Lab Chat

Lab Chat

Q&A with Derek Huffman, Ph.D.

Derek Huffman, Ph.D., studies the biology of aging. He is an assistant professor of molecular pharmacology and of medicine and co-director of the chronobiosis and energetics/metabolism of aging core in Einstein’s Institute for Aging Research.

What inspired you to go into science?

I got interested in doing research when I was an undergraduate and a family member received a dire diagnosis. I felt that research was the best way to make a difference for those burdened with disease.

Where were you raised?

In St. Joseph, MO, a town of about 80,000 people just outside Kansas City. It’s known as “the place where the Pony Express started and Jesse James ended.”

What brought you to Einstein?

I was studying energetics and cancer in graduate school, but became captivated by newly discovered links between metabolism and aging. I came to Einstein in 2007 as a postdoc to explore those links and other aspects of aging under Nir Barzilai, a leader in the field.
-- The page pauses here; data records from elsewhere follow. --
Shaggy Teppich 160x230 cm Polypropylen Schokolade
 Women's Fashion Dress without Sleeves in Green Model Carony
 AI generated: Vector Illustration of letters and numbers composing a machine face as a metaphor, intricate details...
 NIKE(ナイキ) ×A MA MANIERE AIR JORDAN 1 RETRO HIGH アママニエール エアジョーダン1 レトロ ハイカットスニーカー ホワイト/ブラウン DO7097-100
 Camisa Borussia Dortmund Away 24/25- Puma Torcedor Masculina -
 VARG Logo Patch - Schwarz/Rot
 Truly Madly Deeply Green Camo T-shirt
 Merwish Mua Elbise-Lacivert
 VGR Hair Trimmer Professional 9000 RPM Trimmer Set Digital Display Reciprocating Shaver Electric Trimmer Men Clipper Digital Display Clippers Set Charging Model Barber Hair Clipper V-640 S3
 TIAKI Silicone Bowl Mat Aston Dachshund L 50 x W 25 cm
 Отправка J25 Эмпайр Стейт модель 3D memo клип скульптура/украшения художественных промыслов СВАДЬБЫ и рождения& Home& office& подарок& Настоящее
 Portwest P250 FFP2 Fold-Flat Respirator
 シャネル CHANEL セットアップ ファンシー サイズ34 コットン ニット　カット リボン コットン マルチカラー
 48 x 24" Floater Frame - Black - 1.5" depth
Dr. Barzilai studies the genetics of longevity. How do you approach aging?

We study the aging-metabolism interplay—how metabolic changes contribute to disease—and strategies to modulate metabolic pathways to promote healthy aging.

One of your specialties is an experimental technique called parabiosis. What does it involve?

Parabiosis is an old technique, dating to the 1800s, in which two organisms are surgically joined so they share a single circulatory system. Using parabiosis, we showed that exposing young mice to old blood leads to cellular dysfunction in the gut. We then identified factors in the old circulation involved in causing those changes. These findings could lead to new ways to promote healthy intestinal aging and perhaps delay or treat aging-related metabolic disorders.

Would regular transfusions of young blood forestall aging?

The short answer is no, but that hasn’t stopped some from pursuing this for commercial interests. The truth is, we know that not every youthful factor is good for an old body. Bottom line: parabiosis helps identify new candidates that may play a role in aging, but translating these discoveries to human use poses a different challenge.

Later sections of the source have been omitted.